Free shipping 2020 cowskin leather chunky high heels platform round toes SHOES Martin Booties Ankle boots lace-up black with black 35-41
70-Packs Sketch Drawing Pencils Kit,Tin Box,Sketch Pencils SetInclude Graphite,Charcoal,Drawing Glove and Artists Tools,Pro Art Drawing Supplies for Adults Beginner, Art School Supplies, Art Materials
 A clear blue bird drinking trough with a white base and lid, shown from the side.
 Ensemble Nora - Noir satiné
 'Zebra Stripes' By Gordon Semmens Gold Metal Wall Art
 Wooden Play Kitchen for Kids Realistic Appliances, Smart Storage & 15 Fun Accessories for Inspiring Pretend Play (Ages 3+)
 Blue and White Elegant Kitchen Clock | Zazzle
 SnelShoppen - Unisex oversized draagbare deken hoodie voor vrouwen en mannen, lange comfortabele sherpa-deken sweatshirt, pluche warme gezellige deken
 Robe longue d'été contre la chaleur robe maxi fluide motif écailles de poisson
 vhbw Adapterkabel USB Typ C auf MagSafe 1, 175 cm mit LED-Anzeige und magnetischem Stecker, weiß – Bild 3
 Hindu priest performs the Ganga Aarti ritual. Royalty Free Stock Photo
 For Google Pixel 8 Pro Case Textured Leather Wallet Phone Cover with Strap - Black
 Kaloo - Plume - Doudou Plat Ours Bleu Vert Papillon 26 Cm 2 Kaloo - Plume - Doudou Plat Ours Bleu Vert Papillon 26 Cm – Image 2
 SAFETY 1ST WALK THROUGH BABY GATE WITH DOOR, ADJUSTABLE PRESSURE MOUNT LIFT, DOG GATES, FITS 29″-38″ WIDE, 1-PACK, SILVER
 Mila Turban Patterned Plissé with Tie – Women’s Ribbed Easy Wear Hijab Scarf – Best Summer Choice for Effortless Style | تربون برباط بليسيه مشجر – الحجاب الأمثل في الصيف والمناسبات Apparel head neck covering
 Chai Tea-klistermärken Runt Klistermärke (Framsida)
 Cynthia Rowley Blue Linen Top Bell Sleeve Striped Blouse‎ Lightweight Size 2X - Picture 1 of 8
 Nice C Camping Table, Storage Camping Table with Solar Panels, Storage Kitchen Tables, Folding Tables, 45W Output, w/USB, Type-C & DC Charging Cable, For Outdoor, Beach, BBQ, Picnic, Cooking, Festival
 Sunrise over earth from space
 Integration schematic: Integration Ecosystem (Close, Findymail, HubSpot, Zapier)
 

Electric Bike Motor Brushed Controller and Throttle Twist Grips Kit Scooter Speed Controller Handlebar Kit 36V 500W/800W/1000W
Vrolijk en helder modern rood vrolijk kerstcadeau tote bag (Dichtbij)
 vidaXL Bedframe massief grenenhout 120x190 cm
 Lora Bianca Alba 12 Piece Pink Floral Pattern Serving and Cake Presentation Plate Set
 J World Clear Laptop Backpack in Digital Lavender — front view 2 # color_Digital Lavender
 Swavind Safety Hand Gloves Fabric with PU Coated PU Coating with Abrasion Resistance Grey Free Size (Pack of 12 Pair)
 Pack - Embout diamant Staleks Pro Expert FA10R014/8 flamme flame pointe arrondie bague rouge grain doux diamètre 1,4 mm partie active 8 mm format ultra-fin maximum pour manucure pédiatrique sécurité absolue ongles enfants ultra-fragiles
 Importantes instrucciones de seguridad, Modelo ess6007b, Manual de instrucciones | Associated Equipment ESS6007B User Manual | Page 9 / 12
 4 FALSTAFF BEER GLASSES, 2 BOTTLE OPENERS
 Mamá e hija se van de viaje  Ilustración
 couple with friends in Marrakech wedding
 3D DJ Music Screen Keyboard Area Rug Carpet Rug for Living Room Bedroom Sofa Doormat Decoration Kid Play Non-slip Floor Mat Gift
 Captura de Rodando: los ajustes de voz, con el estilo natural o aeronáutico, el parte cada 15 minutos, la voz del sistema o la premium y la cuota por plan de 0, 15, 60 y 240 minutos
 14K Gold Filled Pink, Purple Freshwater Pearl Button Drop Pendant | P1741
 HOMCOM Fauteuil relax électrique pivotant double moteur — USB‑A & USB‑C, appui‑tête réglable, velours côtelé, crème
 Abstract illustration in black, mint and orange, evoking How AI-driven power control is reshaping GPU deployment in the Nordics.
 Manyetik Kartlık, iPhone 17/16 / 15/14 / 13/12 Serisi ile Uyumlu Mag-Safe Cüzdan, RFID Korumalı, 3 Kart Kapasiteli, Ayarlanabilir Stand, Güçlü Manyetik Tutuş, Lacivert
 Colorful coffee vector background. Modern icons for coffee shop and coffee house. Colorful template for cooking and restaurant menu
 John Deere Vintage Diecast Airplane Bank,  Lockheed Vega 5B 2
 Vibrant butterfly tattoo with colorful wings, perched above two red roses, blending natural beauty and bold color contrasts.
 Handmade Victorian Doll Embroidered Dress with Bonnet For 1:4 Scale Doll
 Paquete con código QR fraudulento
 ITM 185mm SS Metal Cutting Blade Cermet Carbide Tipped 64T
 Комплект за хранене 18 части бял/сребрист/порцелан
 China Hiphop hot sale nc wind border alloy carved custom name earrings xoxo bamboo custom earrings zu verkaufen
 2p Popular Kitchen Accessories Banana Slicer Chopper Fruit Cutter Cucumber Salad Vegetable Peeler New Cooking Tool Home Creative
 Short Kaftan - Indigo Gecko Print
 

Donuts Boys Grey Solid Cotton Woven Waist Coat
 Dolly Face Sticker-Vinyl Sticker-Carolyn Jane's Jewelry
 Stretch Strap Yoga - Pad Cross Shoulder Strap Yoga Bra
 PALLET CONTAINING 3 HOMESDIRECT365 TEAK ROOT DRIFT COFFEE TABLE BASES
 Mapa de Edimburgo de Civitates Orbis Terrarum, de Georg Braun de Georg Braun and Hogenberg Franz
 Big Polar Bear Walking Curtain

——

WHAT THIS TASK INVOLVES → Restate word for word the lines above, beginning at the first one and ending at the line that carries "Blue and White".

TASK ANSWER →
Free shipping 2020 cowskin leather chunky high heels platform round toes SHOES Martin Booties Ankle boots lace-up black with black 35-41
70-Packs Sketch Drawing Pencils Kit,Tin Box,Sketch Pencils SetInclude Graphite,Charcoal,Drawing Glove and Artists Tools,Pro Art Drawing Supplies for Adults Beginner, Art School Supplies, Art Materials
 A clear blue bird drinking trough with a white base and lid, shown from the side.
 Ensemble Nora - Noir satiné
 'Zebra Stripes' By Gordon Semmens Gold Metal Wall Art
 Wooden Play Kitchen for Kids Realistic Appliances, Smart Storage & 15 Fun Accessories for Inspiring Pretend Play (Ages 3+)
 Blue and White Elegant Kitchen Clock | Zazzle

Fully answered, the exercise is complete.